Thanks for the response. We just got back Vitamin D and Ferritin. Have started D supplements and will look for iron this weekend. I have also begun supplementing B12. She gets episodes of shortness of breath with heart racing--she has severe anxiety, but these are nothing like her anxiety attacks (believe me--both she and I I know the difference). She also has asthma, but the episodes don't include wheezing.
They did not do frees for some reason--I always thought those were more indicative. I am wondering if I should get the doctor to do these to be sure they are okay.
Here is earlier thyroid test history:
TSH 0.6, (0.5-4.3)
Free T4 1.0(0.8-1.8)
TSH 2.0 (0.5-4.3)
Free T3 3.1 (2.3-4.2)
Free T4 0,9 (0.8-1.8)
TSH 0.9 (0.4- 4.7)
Free T4 0.8 (0.6-1.8)
TSH 0.4 (0.5-4.3)
Free T3 3.8 (2.3-4.2)
Free T4 0.9 (0.8-1.8)
Thanks for your input. We see PCP again in two weeks as testosterone needs to be followed up. Will ask for Free T3 and T4, and TSH as well so they are also tested at the same time.
We live in Washington DC--I took her brother to an endo when pediatrician found a nodule on his throat. After two separate tests endo concluded he had Hashi's but said there was no point in treating until the ups and downs burned the thyroid out(!) Doesn't inspire confidence. Endo also said his weight gain wouldn't have anything to do with thyroid. On the third test endo said the results looked less like Hashi's and his antibodies weren't positive so just do annual testing. Have to take him in for that and will try to get test results.
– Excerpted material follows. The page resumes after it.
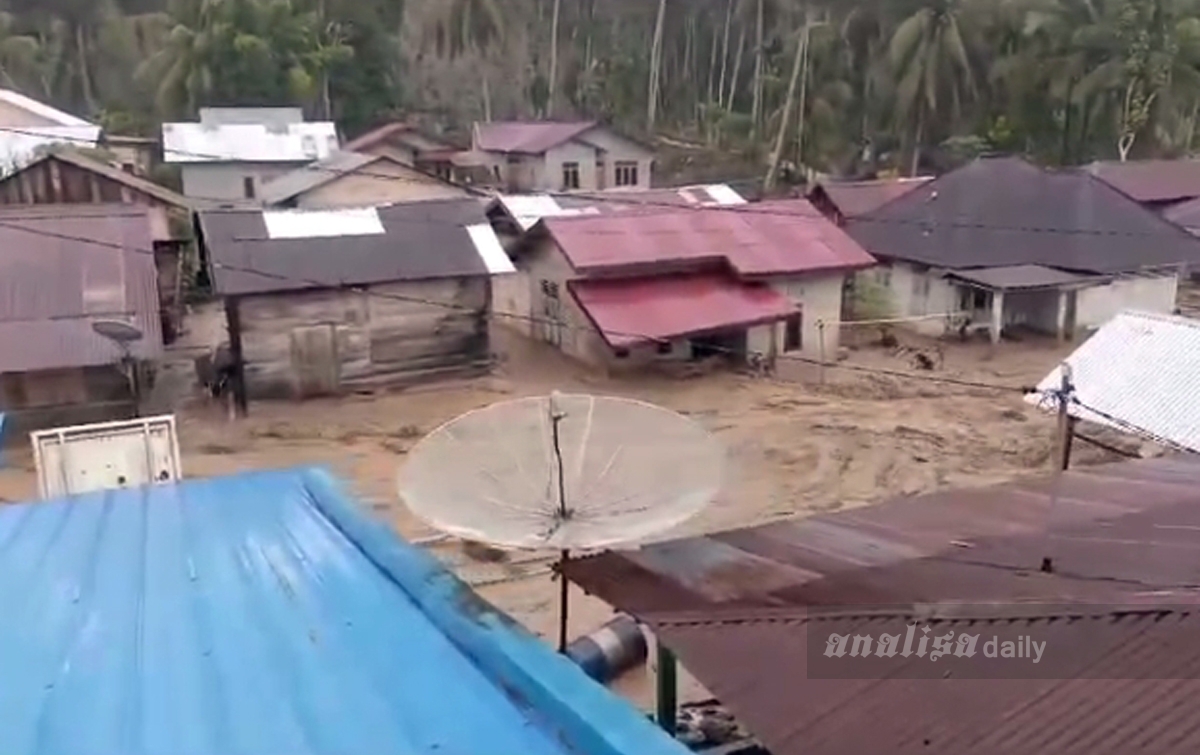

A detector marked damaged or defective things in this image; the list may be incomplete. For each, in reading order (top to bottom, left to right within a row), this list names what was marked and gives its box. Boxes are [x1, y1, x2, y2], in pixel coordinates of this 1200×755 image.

rusty brown metal roof [0, 204, 163, 372]
rusty brown metal roof [564, 453, 1200, 753]
rusty brown metal roof [652, 602, 1200, 755]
I have been collecting a list of member recommended doctors for well over 4 years now. The closest Endo that I have on my list is in Baltimore. Is that close enough to consider?
Thanks for the kind offer. Baltimore is an hour drive away. I'd consider if this was her only problem, but unfortunately we are already averaging around three doctor's appointments a week between neurology, dental, eye, psychiatry, sleep (just found out she has moderate central sleep apnea), GI, gynecology, allergy/asthma, ENT etc. Every doctor refers her to another and I am exhausted from scheduling appointments and tests,keeping prescriptions filled, and taking her there. (Seizures=no driving for her.)
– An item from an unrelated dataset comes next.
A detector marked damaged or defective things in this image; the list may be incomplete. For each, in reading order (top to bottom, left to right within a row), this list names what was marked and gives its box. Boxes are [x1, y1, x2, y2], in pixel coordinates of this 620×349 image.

My homocysteine levels dropped into the healthy 6 range after B12 injections. That is where I like it. :) Oral contraceptives raise total T3. Increased testosterone levels in women are most often caused by polycystic ovary syndrome (PCOS).
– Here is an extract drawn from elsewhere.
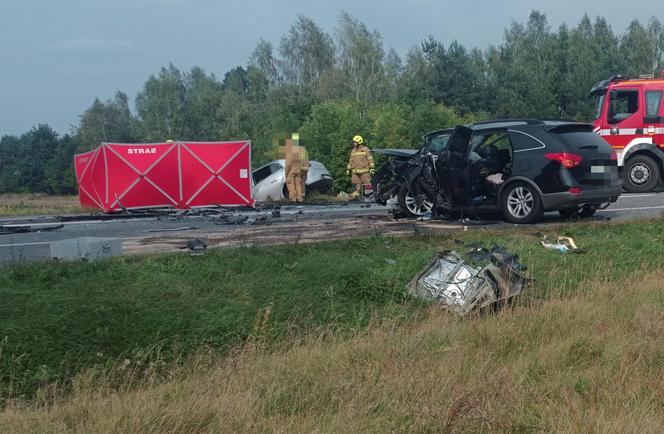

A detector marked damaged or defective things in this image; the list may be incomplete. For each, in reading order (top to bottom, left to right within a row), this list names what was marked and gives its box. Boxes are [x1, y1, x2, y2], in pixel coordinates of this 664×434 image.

crashed white car [250, 159, 332, 202]
crashed black suv [374, 120, 624, 225]
crumpled car part [410, 249, 528, 318]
I figure the high homocysteine is due to B12 so I am supplementing. Her serum B12 is considered too high for injections, (One doctor said it had nothing to do with B12 and was probably genetic and in any case not a specific test so nothing to do.) I am hoping supplementation works. Your success is encouraging, though I wished we could have had injections for a quicker boost.
I know the most common cause of high testosterone is PCOS and that is what the OBGYN called her symptoms before doing any tests. She doesn't have cystic ovaries and she is not overweight--just high testosterone, acne and amenorrhea and the former can cause the latter two. Spironalactone has finally cleared her acne after three Accutane failures.
I find a PCOS dx very confusing--seems more like a name for the sign of high testosterone. So why not just say high testosterone? But maybe that just begs the reason why the testosterone is high. If one says the reason is PCOS then that's the end of that, but it seems very circular.